At a recent conference on the subject in Berlin, Pinchas Goldschmidt labeled the ruling a "frontal attack on Jewish life in Europe." And so indeed it inevitably is. He went on, however, to make the larger point that this is "part of a trend of mounting intolerance against religious practices in Europe."

This secularist hostility has found legal expression in the ideology of individual rights, for centuries now the long-standing rival of more traditional notions of human beings as social, communal creatures, who need - and can truly thrive only - in social and communal relationships. An ideology of individual rights that rejects such a social and communitarian understanding of human existence posits purely isolated autonomous individuals. These individuals may, of course, elect to enter into relationships of various sorts by their own free choice; but they remain ultimately individuals – their individual autonomy, their freedom from social and communal bonds being “protected” by the all-powerful liberal State. For the inevitable corollary of a world which can comprehend only individuals is the devaluing of all traditional social institutions and communal bonds (beginning with the family), thus stripping public life of the vast network of “mediating” structures which have traditionally occupied much of our social space – the space between the individual and the State.

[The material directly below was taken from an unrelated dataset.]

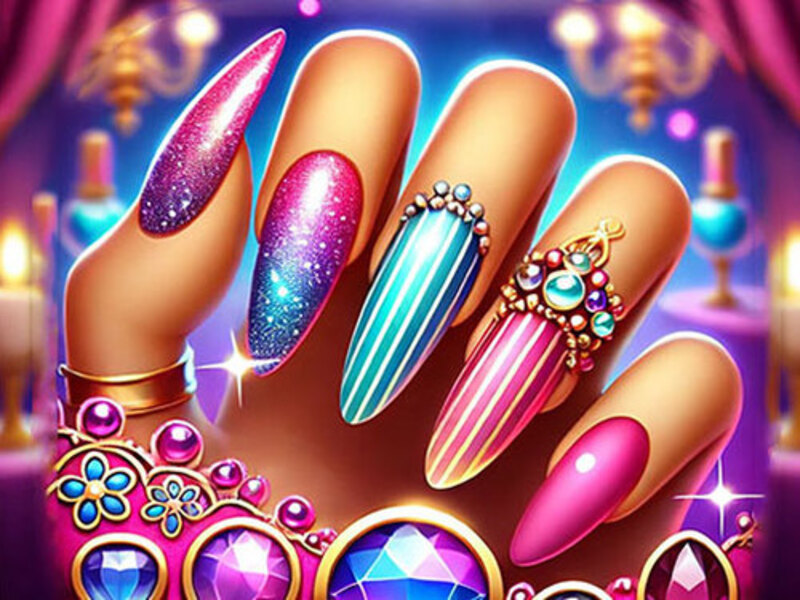 Gioco Regina delle unghie in linea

That is why the unfortunate controversy created recently in the U.S. by the Administration’s contraception mandate matters so much. If this particular exercise in left-wing social engineering succeeds, then religiously motivated organizations of all sorts - religiously sponsored schools, adoption agencies, nursing homes, hospitals, psychological counseling centers, immigrant services, etc., - may eventually find themselves with no morally acceptable alternative but to shut down. That would definitely deprive many of our most vulnerable fellow citizens of material services that benefit them – and by extension benefit the entire society. In doing so it would, of course, also make the State that much more powerful - but society that much weaker.

So these issues go beyond such immediate topical flashpoints as contraception or circumcision. And their long-term effect extends beyond the particular religious groups immediately impacted. The point is not that the State should be weak, but that it should not be absolute, and that other entities - natural communities (e.g., the family) and social relationships and communitarian networks (e.g., religious communities) - should flourish.

One small step towards sanity in this matter would be to practice a consistent commitment in public policy to what we (and many other nations) all signed on to, way back in 1948 - in the United Nations Universal Declaration of Human Rights: “Everyone has the right to freedom of thought, conscience and religion; this right includes freedom to change his religion or belief, and freedom, either alone or in community with others and in public or private, to manifest his religion or belief in teaching, practice, worship and observance.”